As a result, each transaction’s user-specified logic can be executed at each shard with an absolute minimum of runtime synchronization between shards or replicas to slow it down, even if the transaction’s logic requires it to access records at multiple shards. By minimizing the time that locks are held, concurrency can be greatly increased, thereby leading to near-linear scalability on a commodity cluster of machines.

Strongly consistent global replication

Calvin’s deterministic execution semantics provide an additional benefit: replicating transactional input is sufficient to achieve strongly consistent replication. Since replicating batches of transaction requests is extremely inexpensive and happens before the transactions acquire locks and begin executing, Calvin’s transactional throughput capacity does not depend at all on its replication configuration.

In other words, not only can Calvin can run 500,000 transactions per second on 100 EC2 instances in Amazon’s US East (Virginia) data center, it can maintain strongly-consistent, up-to-date 100-node replicas in Amazon’s Europe (Ireland) and US West (California) data centers---at no cost to throughput.

Calvin accomplishes this by having replicas perform the actual processing of transactions completely independently of one another, maintaining strong consistency without having to constantly synchronize transaction results between replicas. (Calvin’s end-to-end transaction latency does depend on message delays between replicas, of course---there is no getting around the speed of light.)

Flexible data model

So where does Calvin fall in the OldSQL/NewSQL/NoSQL trichotomy?

Actually, nowhere. Calvin is not a database system itself, but rather a transaction scheduling and replication coordination service. We designed the system to integrate with any data storage layer, relational or otherwise. Calvin allows user transaction code to access the data layer freely, using any data access language or interface supported by the underlying storage engine (so long as Calvin can observe which records user transactions access). The experiments presented in the paper use a custom key-value store. More recently, we’ve hooked Calvin up to Google’s LevelDB and added support for SQL-based data access within transactions, building relational tables on top of LevelDB’s efficient sorted-string storage.

From an application developer’s point of view, Calvin’s primary limitation compared to other systems is that transactions must be executed entirely server-side. Calvin has to know in advance what code will be executed for a given transaction. Users may pre-define transactions directly in C++, or submit arbitrary Python code snippets on-the-fly to be parsed and executed as transactions.
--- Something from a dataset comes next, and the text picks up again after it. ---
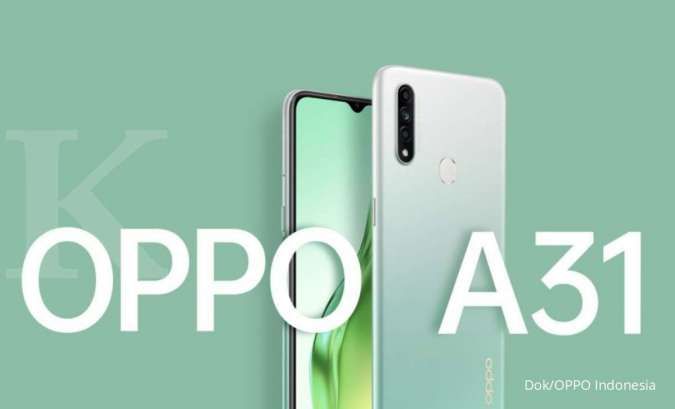 Detail Gambar Oppo A31 Nomer 26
For some applications, this requirement of completely server-side transactions might be a difficult limitation. However, many applications prefer to execute transaction code on the database server anyway (in the form of stored procedures), in order to avoid multiple round trip messages between the database server and application server in the middle of a transaction.

If this limitation is acceptable, Calvin presents a nice alternative in the tradeoff space to achieving high scalability without sacrificing ACID or multi-shard transactions. Hence, we believe that our SIGMOD paper may present a roadmap for overcoming the scalability dominance of the decades-old database solutions on traditional OLTP workloads. We look forward to debating the merits of this approach in the weeks ahead (and Alex will be presenting the paper at SIGMOD next week).

43 comments:

Boris LetochaMay 16, 2012 at 8:17 AM
Hi,

Thanks for nice write up, it helped me assure that I understand paper about Calvin correctly.

Now some fearless questions:
Will be Calvin Open Sourced?
Or at least could be published sample code of some transaction in C++ for Calvin to see how difficult it is to write them?

Thanks.
ReplyDelete
Replies
Chris MarisicMay 16, 2012 at 11:22 AM
Your post ignores that there is an exception to almost everything you state as "costs" to scalability.

RavenDB.

1. RavenDB is fully ACID for writes. It is BASE for reads.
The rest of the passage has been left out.